La seconda certezza è che alcuni esponenti dei servizi segreti italiani hanno deliberatamente depistato le indagini affinché prendesse piede la pista anarchica e si cancellassero le prove della responsabilità neofascista. È inverosimile ritenere che agissero autonomamente, al di fuori cioé di una precisa catena gerarchica, certo selezionatissima, ma di origine politica e governativa che fu presa in contropiede dagli effetti della strage.
La terza certezza riguarda il contesto internazionale di quegli anni.
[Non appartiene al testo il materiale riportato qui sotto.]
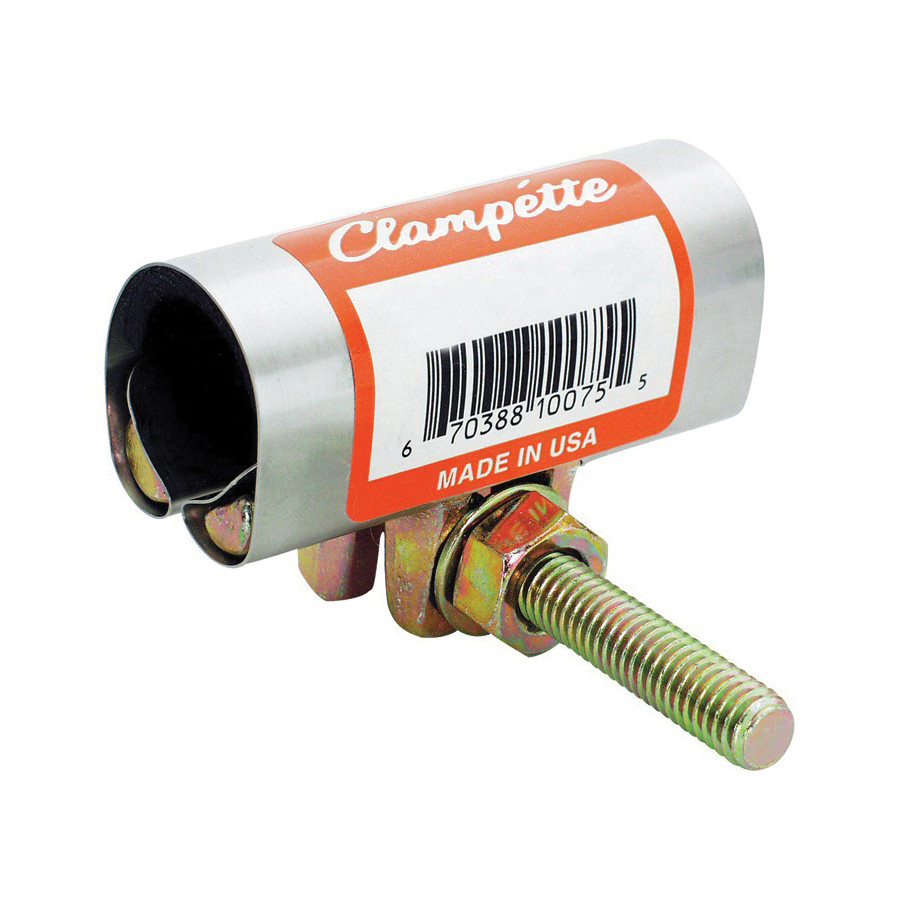 Pipe Patch Clamp, Pre-Formed, 5 in Pipe, 304 Stainless Steel, ASTM-F844, Electro Galvanized, Domestic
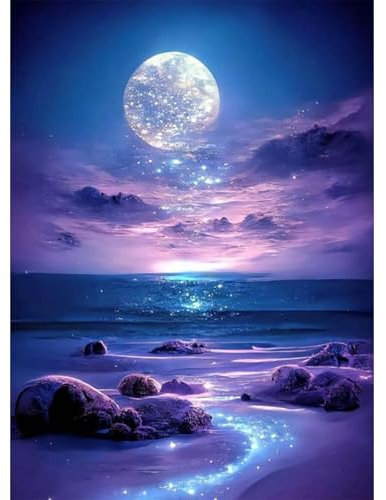 ZEELANNA Mond Diamant Painting für Erwachsene, 5D Meer Diamond Painting Bilder, Diamant Painting DIY Strass Bilder Diamant Kunst Kits, Runde Steine Diamant Painting für Home Dekor 30x40cm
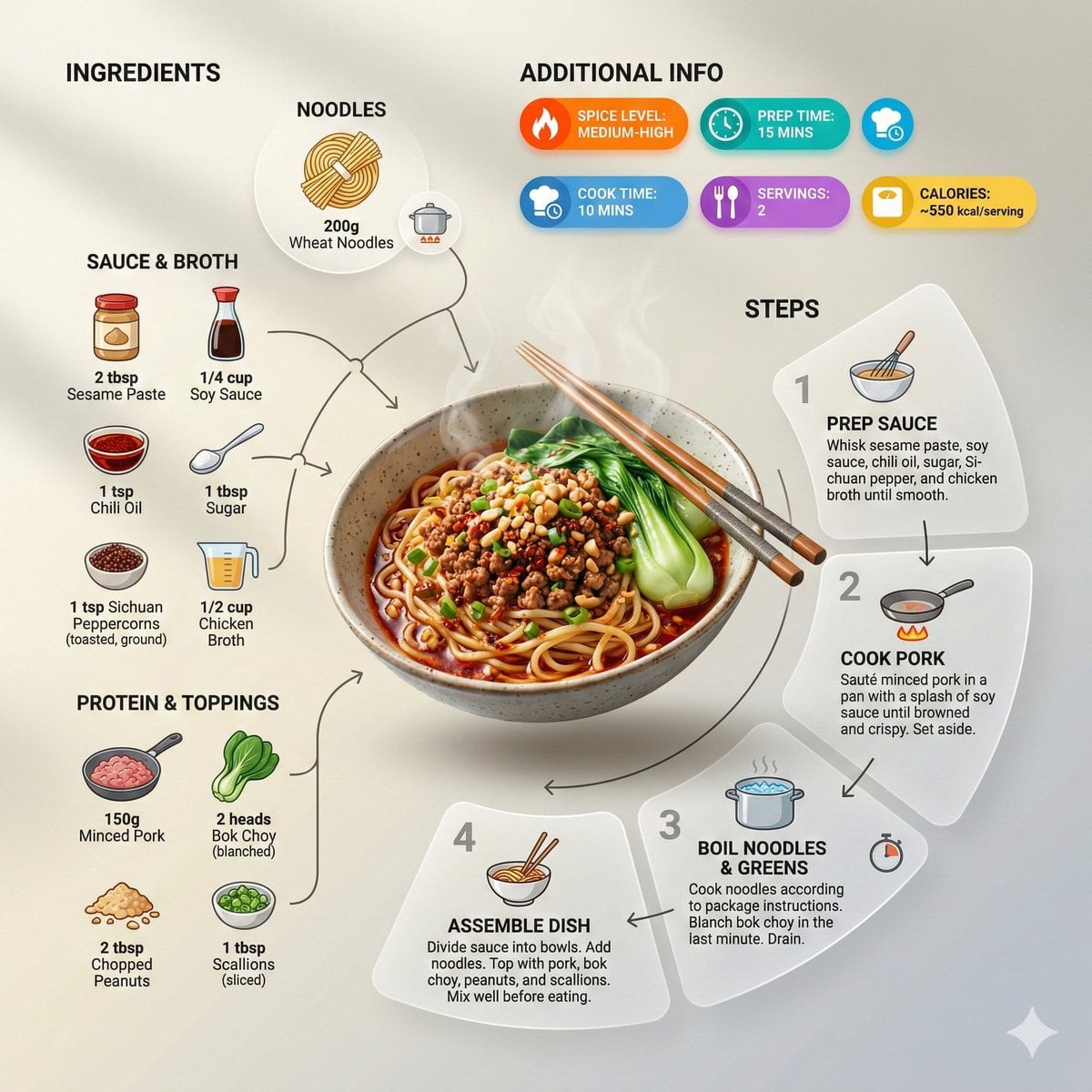 Ultra Ren Opskrift Infografik Nudler -genereret billede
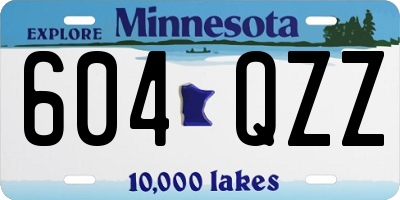 MN license plate 604QZZ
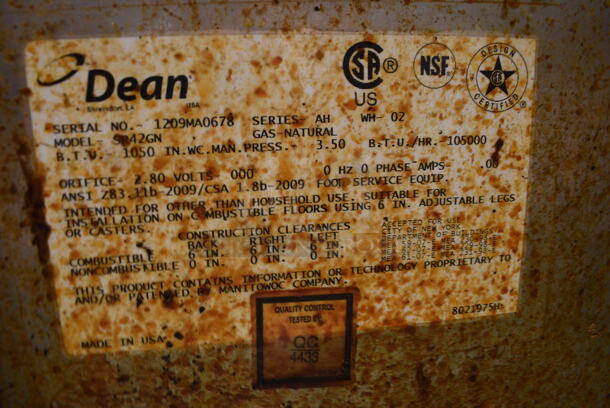 NICE! 2010 Dean Model SR42GN Stainless Steel Commercial Floor Style Natural Gas Powered Deep Fat Fryer. 105,000 BTU. 15.5x30x47 - Image 6 of 6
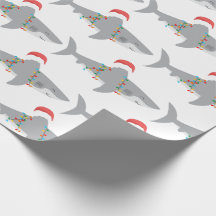 シャークおもしろいクリスマスラッピング紙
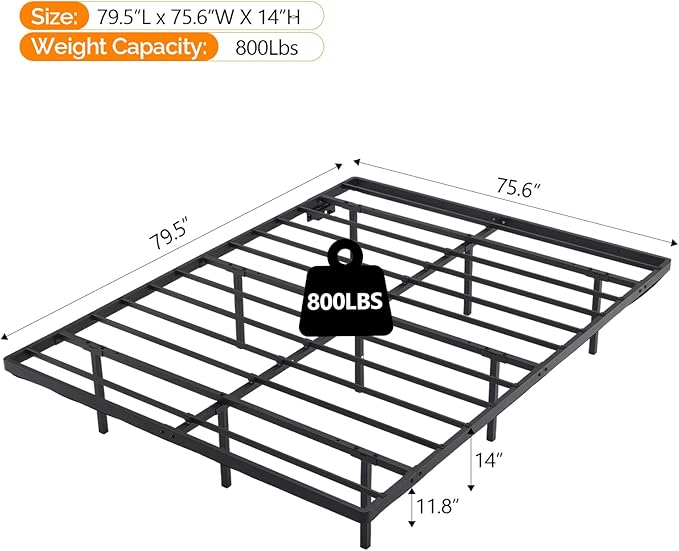 VINGLI Floating Bed Frame King with USB Charging Station/LED Lights, 14'' Platform Bed Frame King Size Heavy Duty Metal Bed, No Box Spring Needed,Black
Il nostro paese era un'isola giovane e democratica in un mare mediterraneo e panfascista: in Portogallo con il regime di Salazar, in Spagna con Franco, in Grecia con i colonnelli. Quest'anomalia italiana dispiaceva a quanti in Occidente ritenevano che ai gesticolanti popoli latini, per loro natura calorosi e decadenti, fosse più consona la sferza di un buon governo autoritario; la democrazia era un privilegio spettante ai popoli del nord, freddi, moderni e protestanti.
C'era un evidente interesse geopolitico, nell'ambito degli equilibri e delle logiche della guerra fredda definiti a Yalta, a tenere l'Italia destabilizzata e sotto schiaffo: prima con il terrorismo nero (dal 1969 al 1974) e poi, come un orologio svizzero, con il terrorismo rosso (dal 1976 al 1982). Sia detto con semplicità e a prezzo di qualche schematismo: per quanto riguarda i nessi e i rapporti internazionali, lo stragismo nero sta al blocco occidentale, come il terrorismo rosso sta a quello orientale. Incentivi, protezioni, garanzie, rifornimenti, lasciapassare, senza però mai perdere di vista che si è trattato di un fenomeno soprattutto endogeno, una maledetta e crudele storia italiana perché ogni popolo al fondo è padrone del suo destino.
L'ultima certezza ha le sembianze del lieto fine: la democrazia italiana, nonostante tutto, ha vinto grazie all'impegno, fra gli altri, di dirigenti politici come Aldo Moro, Enrico Berlinguer e Ugo La Malfa che hanno combattuto coraggiose battaglie dentro i loro rispettivi partiti, per contenere fermenti sovversivi e autoritari che vi erano presenti. Ma questo risultato non si sarebbe raggiunto senza la vigilanza democratica e la mobilitazione dei grandi partiti popolari e di massa. Si tratta di una lezione politica e civile da non disperdere quarant'anni dopo, che non rimargina la ferita senza giustizia, ma è il modo migliore per onorare la memoria di quelle vittime innocenti.